▸ Problem to work on
Could the listing below be returned exactly, with its pictures left out?

▸ Data block
- Opening Delimiter -

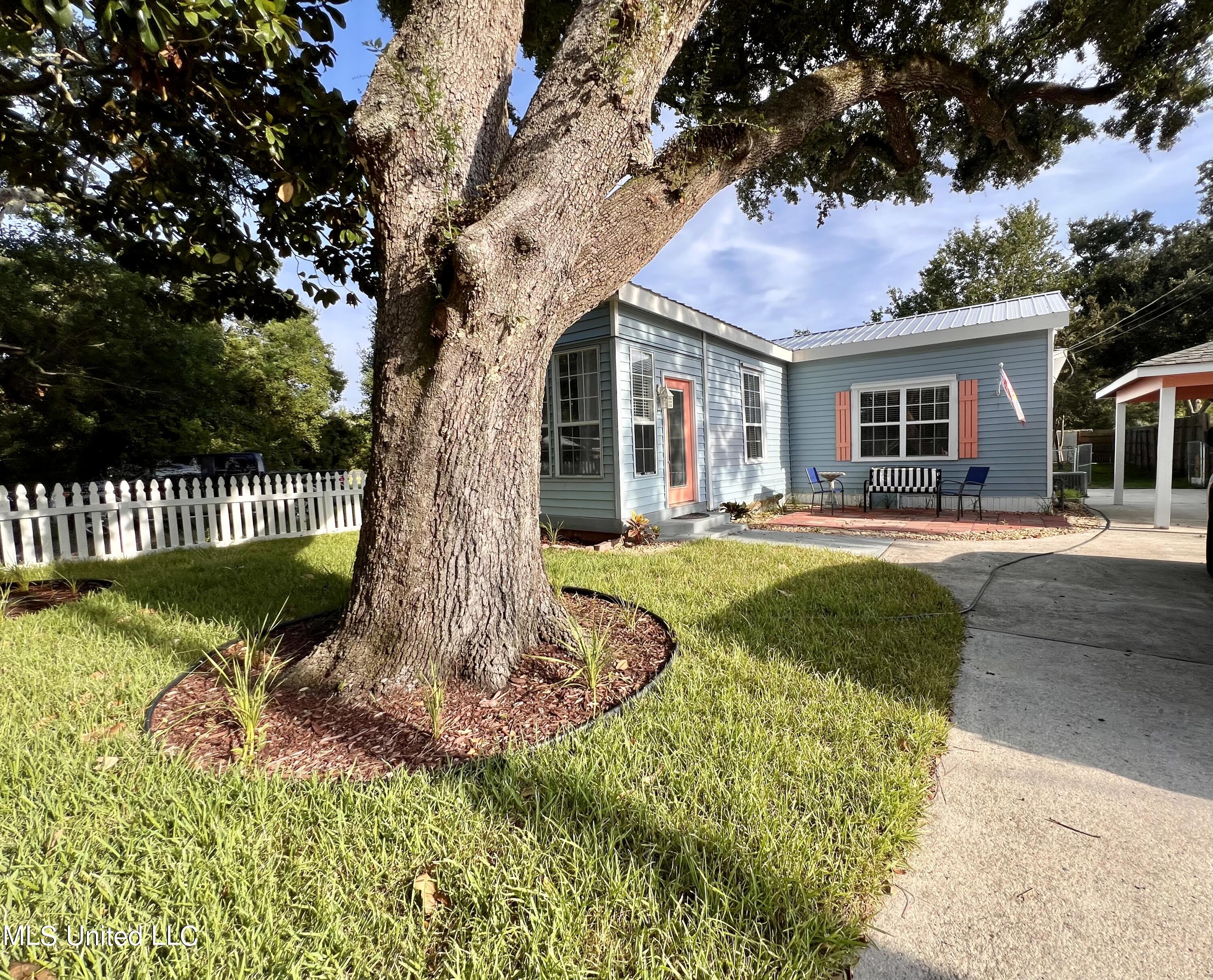 225 Magnolia Street, Long Beach, Mississippi image 1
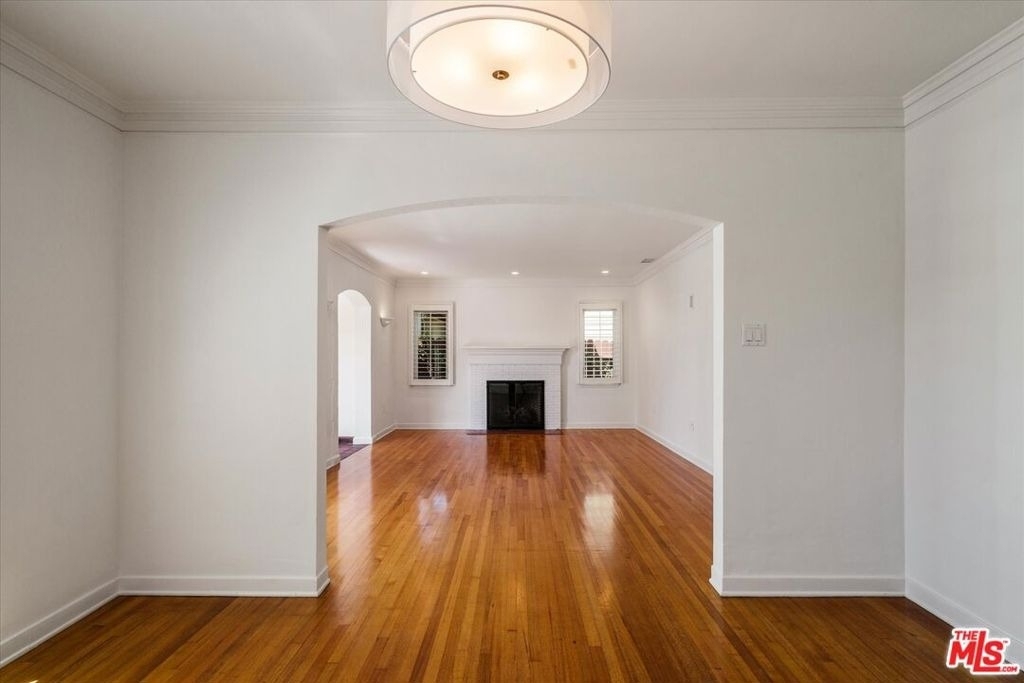 627 26th Street - Photo 4
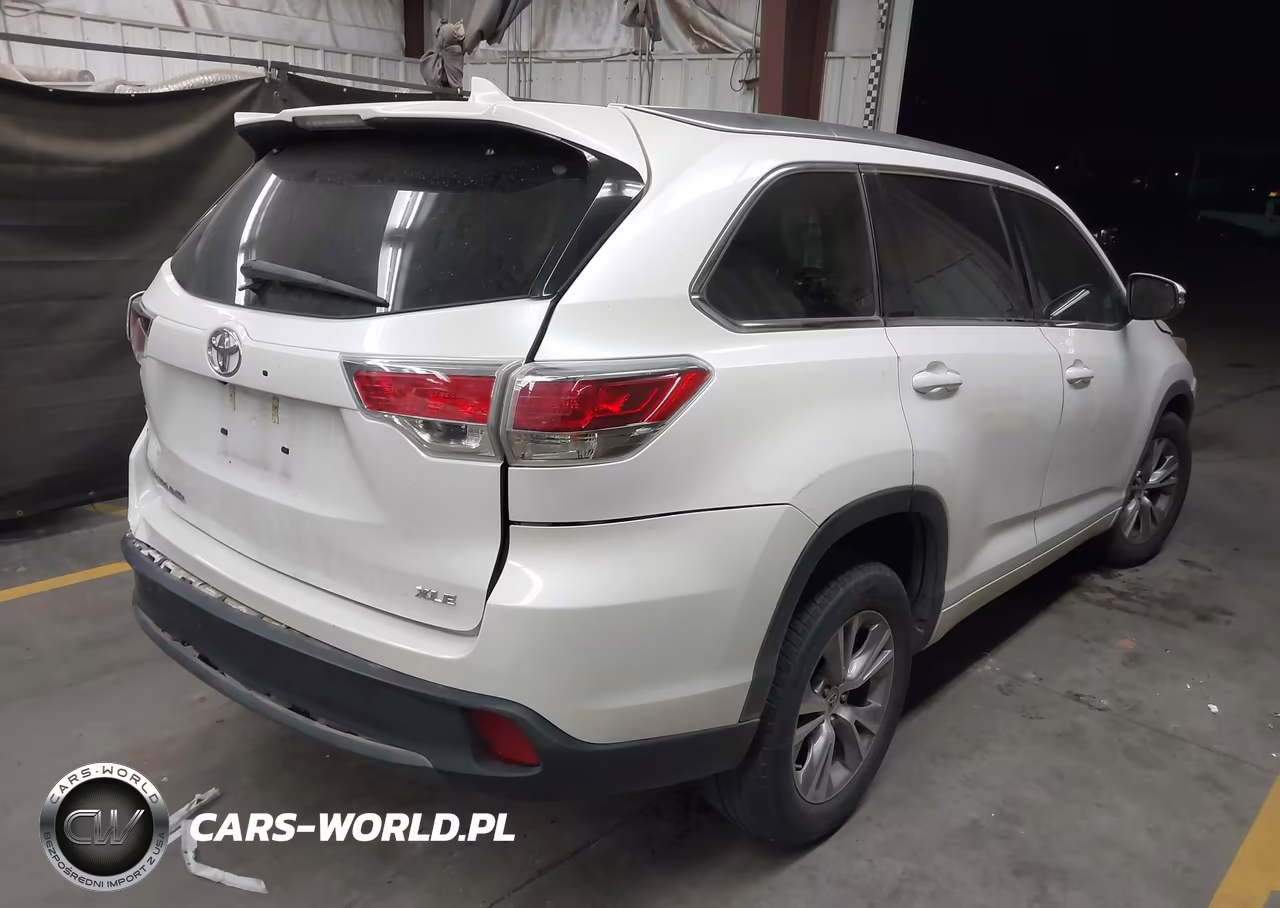 2015 Toyota Highlander Xle V6 VIN:5TDKKRFH4FS116313 - 4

- Closing Delimiter -

▸ Your solution
 225 Magnolia Street, Long Beach, Mississippi image 1
 627 26th Street - Photo 4
 2015 Toyota Highlander Xle V6 VIN:5TDKKRFH4FS116313 - 4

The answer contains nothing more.